• _Exercise objective_
In the records, find each line where "Vintage" occurs, and copy it.

━━━

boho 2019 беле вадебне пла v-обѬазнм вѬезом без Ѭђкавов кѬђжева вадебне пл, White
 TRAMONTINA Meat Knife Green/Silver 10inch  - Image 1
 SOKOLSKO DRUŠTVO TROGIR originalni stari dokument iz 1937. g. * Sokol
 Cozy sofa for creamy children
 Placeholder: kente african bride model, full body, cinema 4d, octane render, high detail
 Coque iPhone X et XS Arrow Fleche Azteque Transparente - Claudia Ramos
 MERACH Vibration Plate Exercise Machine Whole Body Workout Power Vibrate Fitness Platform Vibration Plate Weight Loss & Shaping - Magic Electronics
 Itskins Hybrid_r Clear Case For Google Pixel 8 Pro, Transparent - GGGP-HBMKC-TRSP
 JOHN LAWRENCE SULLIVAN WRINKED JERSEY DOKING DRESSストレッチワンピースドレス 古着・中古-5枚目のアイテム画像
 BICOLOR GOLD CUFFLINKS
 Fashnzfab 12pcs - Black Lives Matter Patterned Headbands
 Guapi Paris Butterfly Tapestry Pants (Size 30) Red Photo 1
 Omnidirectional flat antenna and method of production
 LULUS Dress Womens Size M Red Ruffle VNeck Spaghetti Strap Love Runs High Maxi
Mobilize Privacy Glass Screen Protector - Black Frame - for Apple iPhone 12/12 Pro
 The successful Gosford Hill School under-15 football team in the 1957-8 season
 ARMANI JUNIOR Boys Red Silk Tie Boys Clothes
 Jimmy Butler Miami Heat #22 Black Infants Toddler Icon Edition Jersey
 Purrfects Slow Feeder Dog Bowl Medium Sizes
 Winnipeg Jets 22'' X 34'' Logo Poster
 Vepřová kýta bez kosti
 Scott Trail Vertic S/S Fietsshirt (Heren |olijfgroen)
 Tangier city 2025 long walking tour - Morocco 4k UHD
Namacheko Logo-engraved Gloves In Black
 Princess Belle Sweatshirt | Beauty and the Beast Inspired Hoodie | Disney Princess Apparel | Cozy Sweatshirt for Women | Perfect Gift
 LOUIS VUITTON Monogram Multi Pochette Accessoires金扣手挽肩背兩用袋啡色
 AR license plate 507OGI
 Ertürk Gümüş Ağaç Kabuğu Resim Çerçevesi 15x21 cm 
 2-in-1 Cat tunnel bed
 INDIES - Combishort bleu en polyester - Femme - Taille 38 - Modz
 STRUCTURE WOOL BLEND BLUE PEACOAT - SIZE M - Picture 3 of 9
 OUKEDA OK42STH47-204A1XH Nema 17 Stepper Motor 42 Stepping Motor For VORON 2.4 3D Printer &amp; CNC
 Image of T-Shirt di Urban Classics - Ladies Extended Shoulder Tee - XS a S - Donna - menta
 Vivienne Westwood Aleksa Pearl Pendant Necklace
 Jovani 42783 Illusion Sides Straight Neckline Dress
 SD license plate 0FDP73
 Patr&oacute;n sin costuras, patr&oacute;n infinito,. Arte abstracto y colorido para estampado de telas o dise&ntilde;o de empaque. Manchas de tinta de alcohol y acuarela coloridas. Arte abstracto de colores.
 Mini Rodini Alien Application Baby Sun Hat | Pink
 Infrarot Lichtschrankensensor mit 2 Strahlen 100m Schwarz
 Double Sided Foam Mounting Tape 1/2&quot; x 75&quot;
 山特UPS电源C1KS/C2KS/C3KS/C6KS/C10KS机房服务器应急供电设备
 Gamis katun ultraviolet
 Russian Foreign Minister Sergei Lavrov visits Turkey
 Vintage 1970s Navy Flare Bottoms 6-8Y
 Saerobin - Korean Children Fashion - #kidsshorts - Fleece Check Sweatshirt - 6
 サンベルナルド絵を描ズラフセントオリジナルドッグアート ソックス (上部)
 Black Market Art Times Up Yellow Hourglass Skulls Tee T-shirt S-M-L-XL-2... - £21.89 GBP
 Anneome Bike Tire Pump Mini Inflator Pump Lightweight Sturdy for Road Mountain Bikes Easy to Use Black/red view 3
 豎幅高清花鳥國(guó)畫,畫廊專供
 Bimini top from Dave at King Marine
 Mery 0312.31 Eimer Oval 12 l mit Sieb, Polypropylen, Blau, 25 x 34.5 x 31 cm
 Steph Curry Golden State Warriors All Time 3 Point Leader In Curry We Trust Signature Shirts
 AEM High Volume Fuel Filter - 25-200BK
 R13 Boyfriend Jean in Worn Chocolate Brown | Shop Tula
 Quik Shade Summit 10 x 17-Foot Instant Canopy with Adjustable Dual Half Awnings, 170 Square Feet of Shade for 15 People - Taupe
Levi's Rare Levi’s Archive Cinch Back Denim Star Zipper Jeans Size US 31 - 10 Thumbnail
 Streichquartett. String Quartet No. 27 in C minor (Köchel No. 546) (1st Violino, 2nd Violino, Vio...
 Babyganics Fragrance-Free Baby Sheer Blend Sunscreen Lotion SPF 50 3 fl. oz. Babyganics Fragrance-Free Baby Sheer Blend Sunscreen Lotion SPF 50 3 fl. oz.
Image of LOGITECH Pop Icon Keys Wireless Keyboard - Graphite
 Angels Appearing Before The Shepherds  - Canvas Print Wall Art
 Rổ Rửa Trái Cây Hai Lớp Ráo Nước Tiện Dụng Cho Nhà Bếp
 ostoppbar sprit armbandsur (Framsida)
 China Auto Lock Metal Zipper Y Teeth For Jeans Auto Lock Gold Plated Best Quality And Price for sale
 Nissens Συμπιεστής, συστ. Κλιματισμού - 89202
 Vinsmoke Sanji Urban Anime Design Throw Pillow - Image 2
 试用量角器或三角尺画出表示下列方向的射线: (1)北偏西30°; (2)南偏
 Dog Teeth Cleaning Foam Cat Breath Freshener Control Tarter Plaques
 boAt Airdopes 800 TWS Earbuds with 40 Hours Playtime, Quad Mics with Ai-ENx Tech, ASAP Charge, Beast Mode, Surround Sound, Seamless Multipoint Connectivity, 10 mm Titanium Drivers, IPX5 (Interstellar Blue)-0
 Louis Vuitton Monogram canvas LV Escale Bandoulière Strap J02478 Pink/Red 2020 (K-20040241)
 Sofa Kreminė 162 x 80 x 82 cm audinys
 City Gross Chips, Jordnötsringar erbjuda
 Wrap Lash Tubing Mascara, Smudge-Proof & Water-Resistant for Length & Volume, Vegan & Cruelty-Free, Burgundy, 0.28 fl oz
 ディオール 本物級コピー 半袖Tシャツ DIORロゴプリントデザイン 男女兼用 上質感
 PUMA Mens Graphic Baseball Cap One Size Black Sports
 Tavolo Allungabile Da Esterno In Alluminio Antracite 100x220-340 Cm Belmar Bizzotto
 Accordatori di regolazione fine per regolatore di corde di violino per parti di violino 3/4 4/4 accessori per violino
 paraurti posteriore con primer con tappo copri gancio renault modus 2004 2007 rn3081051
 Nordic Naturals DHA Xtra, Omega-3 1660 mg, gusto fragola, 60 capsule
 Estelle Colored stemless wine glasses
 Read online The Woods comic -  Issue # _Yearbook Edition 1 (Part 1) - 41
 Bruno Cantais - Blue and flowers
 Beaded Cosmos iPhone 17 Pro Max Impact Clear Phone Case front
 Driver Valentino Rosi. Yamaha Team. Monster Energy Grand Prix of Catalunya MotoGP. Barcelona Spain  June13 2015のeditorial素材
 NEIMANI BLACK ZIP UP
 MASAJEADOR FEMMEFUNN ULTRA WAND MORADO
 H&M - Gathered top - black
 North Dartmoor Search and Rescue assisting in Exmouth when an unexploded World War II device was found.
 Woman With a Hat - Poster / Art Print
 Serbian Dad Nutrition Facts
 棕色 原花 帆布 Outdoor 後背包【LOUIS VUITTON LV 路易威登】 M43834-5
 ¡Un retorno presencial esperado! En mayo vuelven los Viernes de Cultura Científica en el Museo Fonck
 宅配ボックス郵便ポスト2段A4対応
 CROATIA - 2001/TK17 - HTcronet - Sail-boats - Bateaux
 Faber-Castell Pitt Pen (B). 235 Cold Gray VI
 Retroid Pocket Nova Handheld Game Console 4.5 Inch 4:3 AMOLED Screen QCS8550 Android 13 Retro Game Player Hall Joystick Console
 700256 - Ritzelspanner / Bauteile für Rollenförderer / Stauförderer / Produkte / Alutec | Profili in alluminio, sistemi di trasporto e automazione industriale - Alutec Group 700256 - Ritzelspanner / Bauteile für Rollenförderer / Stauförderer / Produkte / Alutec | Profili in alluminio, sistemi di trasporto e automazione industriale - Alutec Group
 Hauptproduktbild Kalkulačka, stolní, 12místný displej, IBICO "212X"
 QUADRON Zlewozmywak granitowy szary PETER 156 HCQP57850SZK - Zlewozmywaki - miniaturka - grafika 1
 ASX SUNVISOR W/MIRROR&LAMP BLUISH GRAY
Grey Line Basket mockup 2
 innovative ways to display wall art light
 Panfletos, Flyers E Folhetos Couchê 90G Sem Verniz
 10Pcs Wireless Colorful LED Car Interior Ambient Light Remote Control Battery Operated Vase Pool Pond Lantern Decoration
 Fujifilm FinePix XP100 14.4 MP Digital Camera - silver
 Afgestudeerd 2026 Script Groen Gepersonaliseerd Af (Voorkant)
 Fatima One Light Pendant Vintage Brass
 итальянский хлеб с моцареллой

━━━

• _Written reply_
 Vintage 1970s Navy Flare Bottoms 6-8Y
 Fatima One Light Pendant Vintage Brass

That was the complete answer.